I'm already seeing nasty codebase arthritis creep into JavaScript projects thanks to things like Backbone.View.extend() being essentially mandatory.
Don't use Backbone?
Can you expand on an example of what you call "nasty codebase arthritis" using Backbone?

Providing sugar to extend classes in JavaScript proper is like officially sanctioning that nonsense.

I'm not the only one who feels that way. Here's an excerpt from one viewer's comment on my presentation:

"I think this will only get worse with ES6 and I am rather upset about it. While 'class' will be elective of course, I can only imagine more and more libraries adopting the ES6 class pattern, and then we will wind up facing the same set of challenges that exist in the Java world."
ES6 classes will desugar at runtime into JavaScript objects as we know them. How does the introduction of ES6 classes bring challenges that don't already exist in JS? Please be specific and provide examples. Having two keywords in common ("class" and "extends") doesn't mean issues in one language will shift to the other. Also, having a new syntax sugar doesn't take anything off of the language; solutions of yesterday will work tomorrow.

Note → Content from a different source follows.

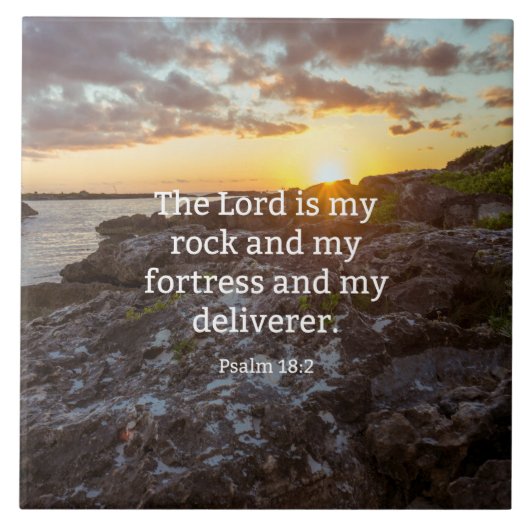 Psalm 18:2, scriptuververs tegeltje (Voorkant)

In my opinion, the clamoring for class in JavaScript is because JavaScript tries to hide prototypes, rather than make it easy to deal with them.
Not sure where you got that from. It's been a very clear goal to make ES6 classes desugar into objects as we know them. This constraint causes some headaches (semantics of upcoming private keyword comes to mind :-) ), but everyone I've read from on that list stands by this constraint.

Instead of class, we should let library authors continue to experiment with other inheritance patterns in JavaScript. Here's an example:

https://github.com/dilvie/stampit

We do need a bit more object sugar in JS, but I think we should wait for some patterns to gain a foothold in the wild, and only when popular patterns emerge and have time to be tested and proven to be well-thought-out and a valuable addition (unlike Backbone's .extend(), which is causing lots of problems in the real world), only THEN should the idea be blessed by the specification.
The author experimentation can happen even if there is a class syntax in the language.

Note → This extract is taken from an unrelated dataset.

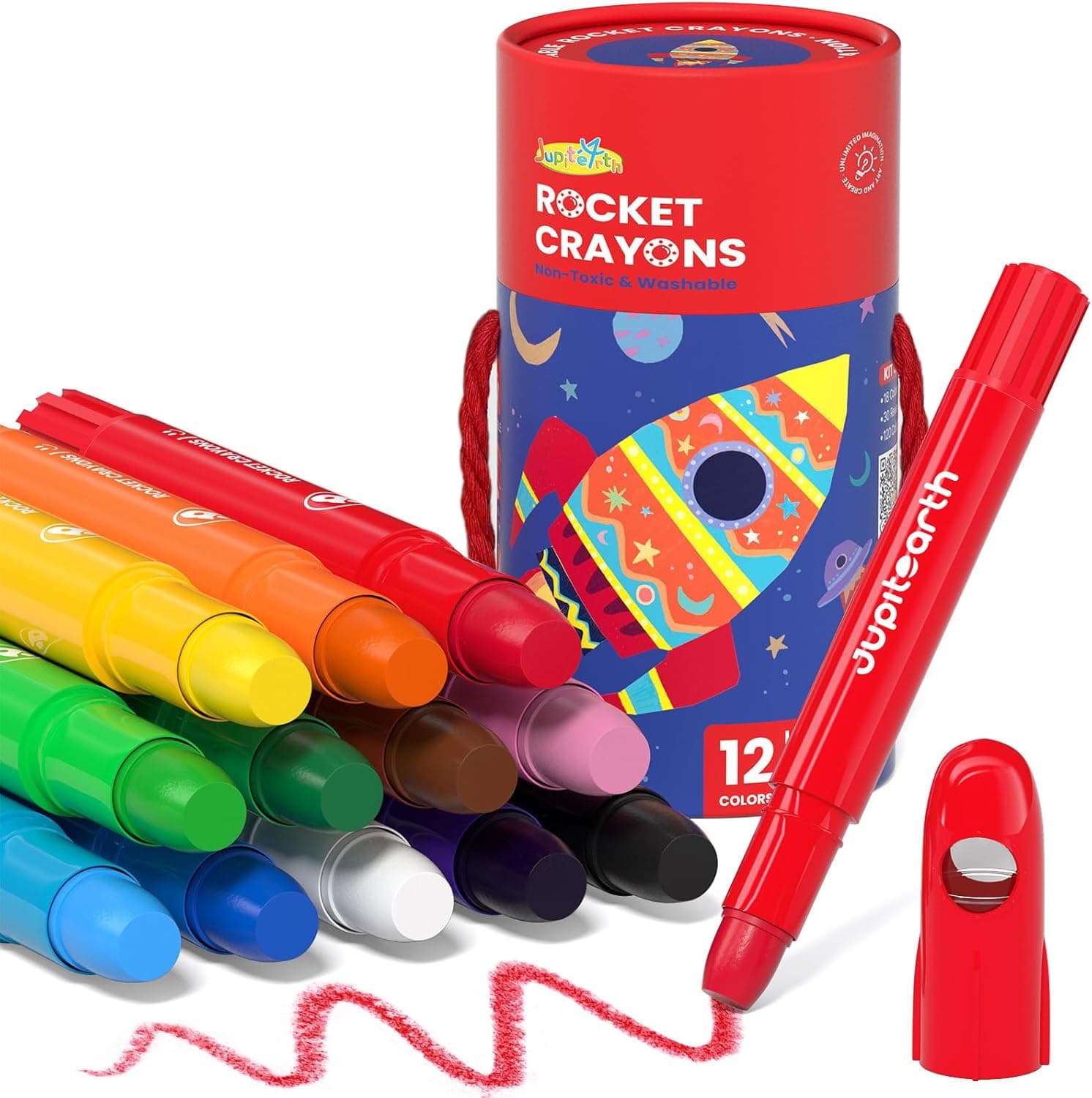 JUPITEARTH 12 Colors Twist Crayons for Toddlers 1-3, Non-Toxic Washable Crayons for Ages 4-8 with Storage Bucket, Ultra-Silky and Easy to Hold Art Supplies,Ideal Christmas Gift for Boys and Girls : Toys &amp; Games image 1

Is class a good idea in JavaScript? I say, prove it. In fact, anything that can have a reference implementation should be proven - not just by implementing it to see if it can work, but if it can be polyfilled (or something like it could be polyfilled), put it in a library and see if it catches on before you add it to the spec, and everybody starts to write about it in their "new JavaScript features" posts.
I'm just someone sending emails, but what you're describing (prototype features in libraries and spec what catches on) is how I have observed TC39 working. Function.prototype.bind comes from that (jQuery, underscore). Array functional methods (jQuery each, SpiderMonkey). Arrow functions (CoffeeScript). Promises!! I think examples of ES5/6 picking things that have proven to work are numerous.

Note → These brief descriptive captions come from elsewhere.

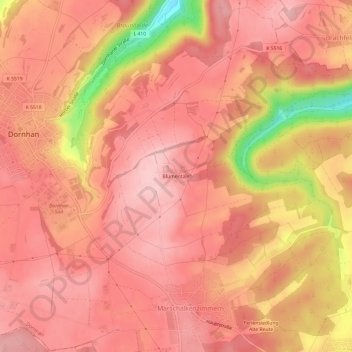 Mappa topografica Blumentäle, altitudine, rilievo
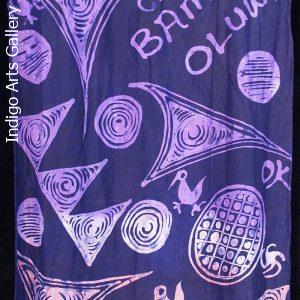 Batik Scarf on Silk by Gasali Adeyemo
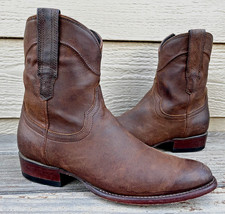 Tecovas The Dean Men’s 8.5D Leather Western Cowboy Ankle Boots Side Zip Brown picture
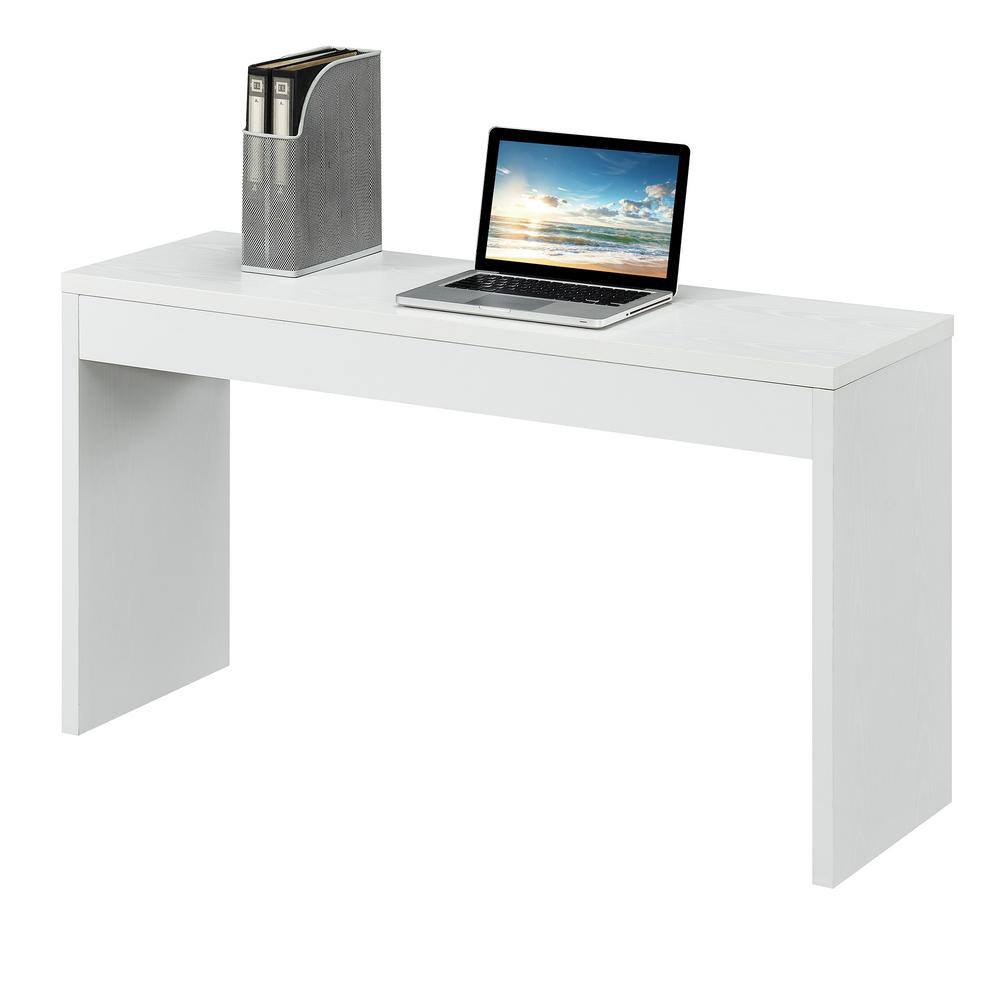 Modern White Melamine 48" Console Table with Faux Marble Finish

Polyfillability is good if possible, but shouldn't be a goal. Some things lack in the language semantics. Those are usually things you can't polyfill.


So far, NO IMPLEMENTATION of class in JavaScript has become a de-facto standard. I think we should set the bar a little higher where a new feature could actually cause damage to the language ecosystem.
Lots of people have been asking for classes, lots of terrible libraries trying to emulate what can be done in Java have been implemented. And Backbone.extends now. And many others to come. ES6 is coming up with a class syntax that will satisfy these people and desugars to ES5 runtime semantics. That's a good tradeoff in my opinion.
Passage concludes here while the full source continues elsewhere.